Sometimes that line is fairly clear. While rare, there are instances of people copying whole paragraphs of another author’s work and claiming those words as their own. In research papers, you can use quotation marks, cite the original author, and make sure the reader knows they aren’t your words, and then that’s totally okay. If it’s fiction and you want to, for example, use a quote from something in the public domain (like Shakespeare or Austen) then you could cite that as well.
; But in cases where someone pulls whole sentences or paragraphs from one novel and plops them down in another and acts as if they’re original? Well, those cases are about as close to cut-and-dried as a case of plagiarism can be.

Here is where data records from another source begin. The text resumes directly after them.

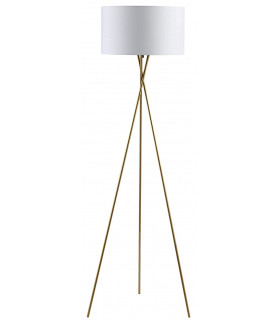 Tripod Floor Lamp Steel Crossed Legs In Brass White Fabric Shade In-Line Switch - Made.com - Clearance Stock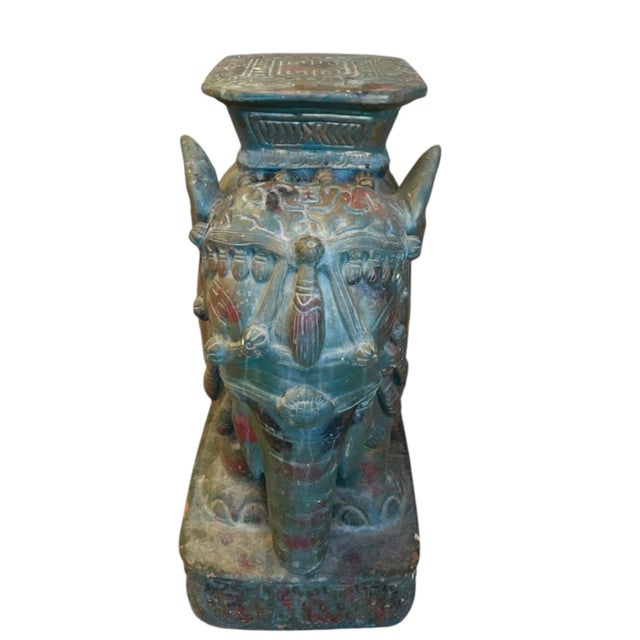 Majestic Vintage Distressed Ceramic Elephant Garden Seat For Sale - Image 4 of 12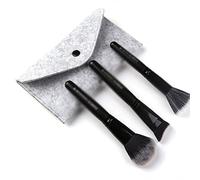 Makeup Tools 3 Brushes Set Black Wooden Handle Synthetic Fibre Makeup Brush Set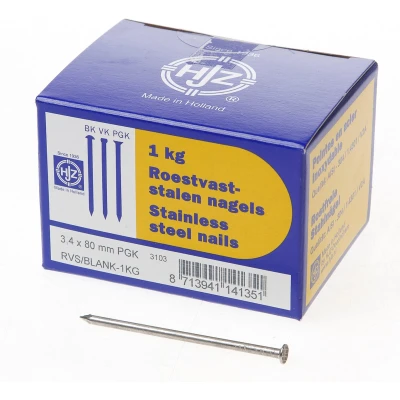 Afbeelding van Hjz RVS nagels plat geruite kop 3.4 x 80mm 1kg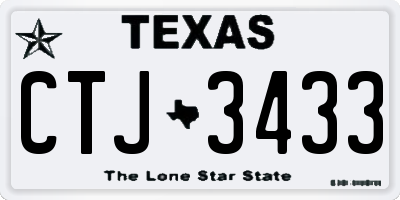 TX license plate CTJ3433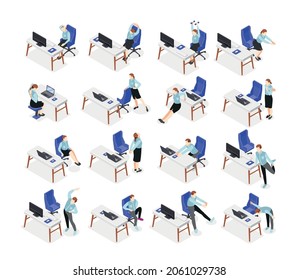 Office stretches isometric icons with employees doing exercises sitting and standing at their workplace isolated vector illustration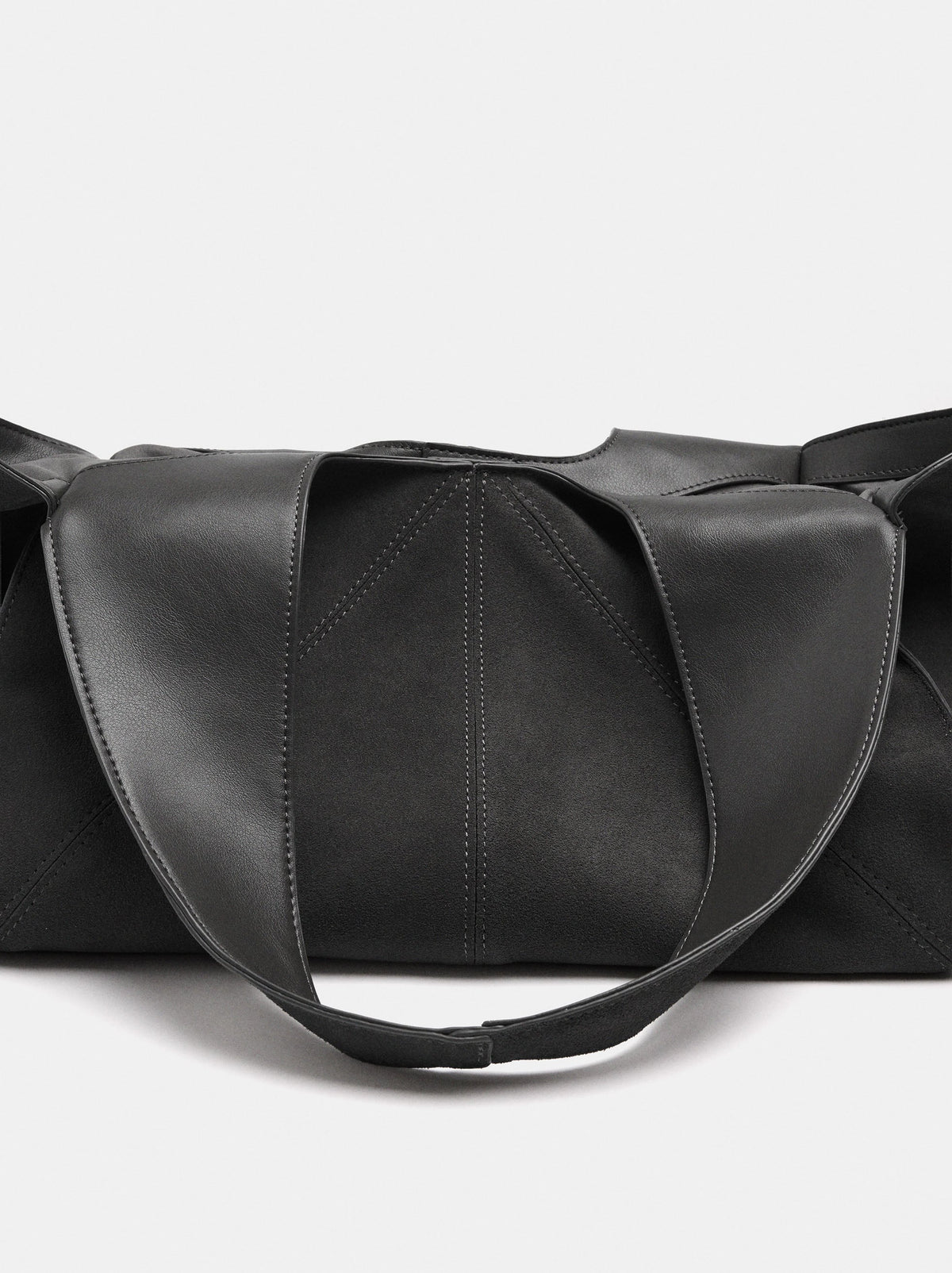 Leather Shopper Bag With Stitching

So if a sentence in your book is exactly like a sentence in someone else’s book, you’ve plagiarized them, right? Well … maybe. Consider a sentence like If you don’t hurry, you’re gonna be late. That sentence is probably in a thousand novels—a million. Any writer could write that sentence at any time purely by coincidence. But could they write an incredibly similar sentence just before it and an almost verbatim paragraph just below? That’s far more questionable.
Words matter. And for writers, our words are our livelihoods, which is why we take charges of plagiarism very, very seriously. And you should, too.
So what about cases where we aren’t talking about words—we’re talking about ideas? That’s when things get even more complicated.
First, it’s important to understand the concept of tropes. Let’s say you love Harry Potter more than anything, and you want to write a book about a kid with magical powers who is the “chosen one” and destined to save the world.
Is that plagiarism? Should you be expecting a call from J. K. Rowling’s lawyer? Of course not. If that were the case, then a bunch of other authors would have gotten in trouble long before now. Including J. K. Rowling herself.
Why? Because no one author owns the concept of “the chosen one.” No one author could ever own the idea of magic. Those things existed long before J. K. Rowling, and they will exist long after.
But if you were to write about an orphan who finds out he’s a wizard and then is taken to wizard school on a big scarlet train and then he learns to play soccer on broomsticks and fights a troll and has a best friend with red hair, etc., etc., then you might be in a totally different situation.
You see, J. K. Rowling doesn’t own wizards, but she does own Harry Potter.
She doesn’t own boarding schools, but she does own Hogwarts.
If that’s confusing, you’re not alone. I remember several years ago I was working on my fifth Gallagher Girls book, Out of Sight, Out of Time, and I really wanted to give my main character amnesia because I love an amnesia story more than anything.